ACTIVITY: Beginning with the line that has "Дамски маратонки PUMA" and ending with the line that has "BMW 3-SERIE 320i", retype the entries below exactly, except for the pictures.

EXERCISE MATERIAL:
★ ★ ★ ★ ★

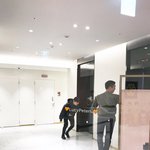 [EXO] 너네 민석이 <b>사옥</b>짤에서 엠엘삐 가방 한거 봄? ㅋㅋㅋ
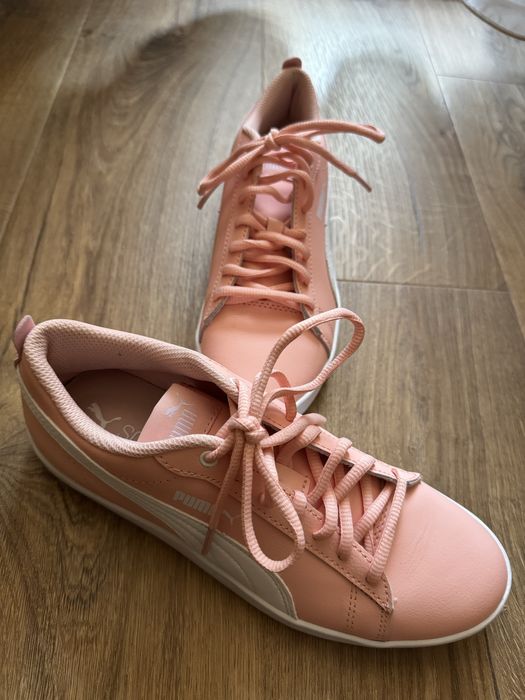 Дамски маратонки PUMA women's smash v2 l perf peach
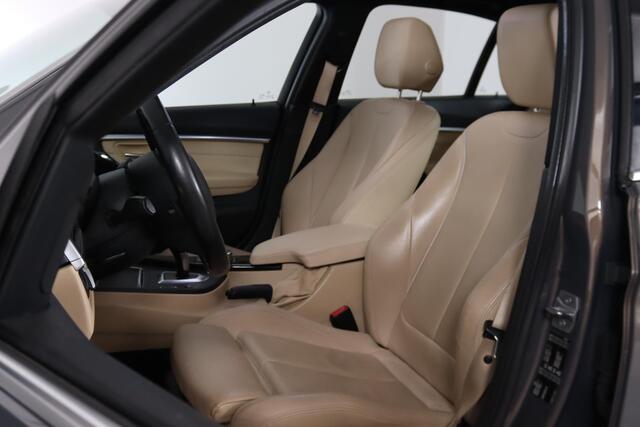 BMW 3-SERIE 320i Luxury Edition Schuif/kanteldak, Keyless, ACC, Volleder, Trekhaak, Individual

★ ★ ★ ★ ★

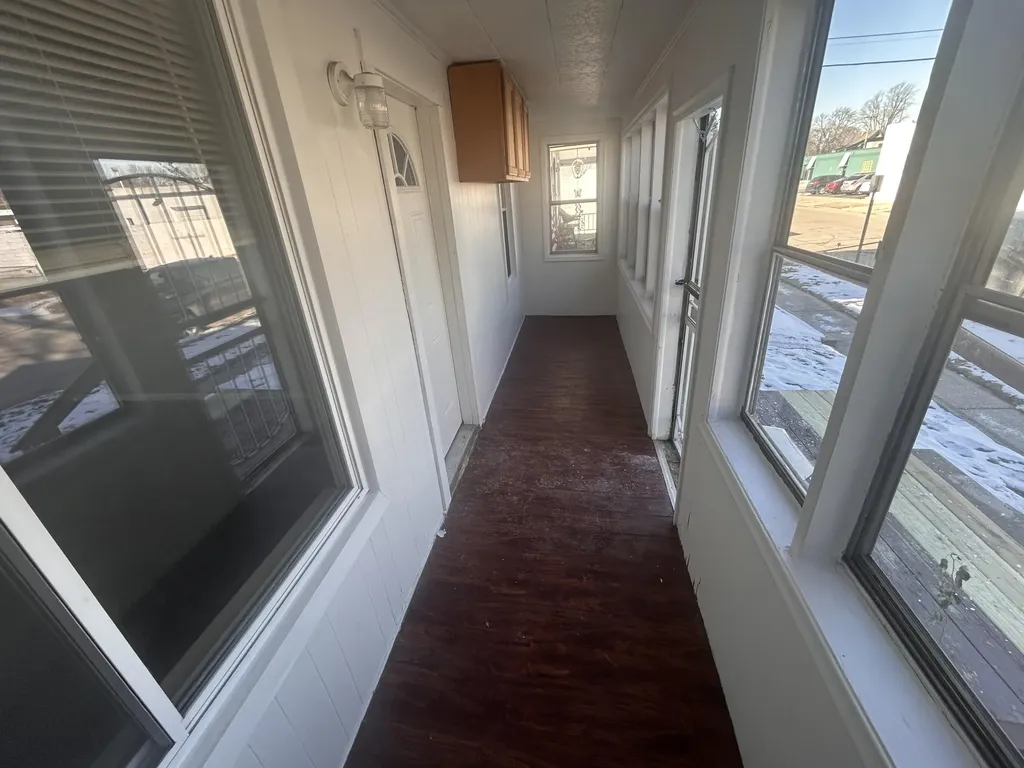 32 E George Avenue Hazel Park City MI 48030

★ ★ ★ ★ ★

WRITTEN RESPONSE:
 Дамски маратонки PUMA women's smash v2 l perf peach
 BMW 3-SERIE 320i Luxury Edition Schuif/kanteldak, Keyless, ACC, Volleder, Trekhaak, Individual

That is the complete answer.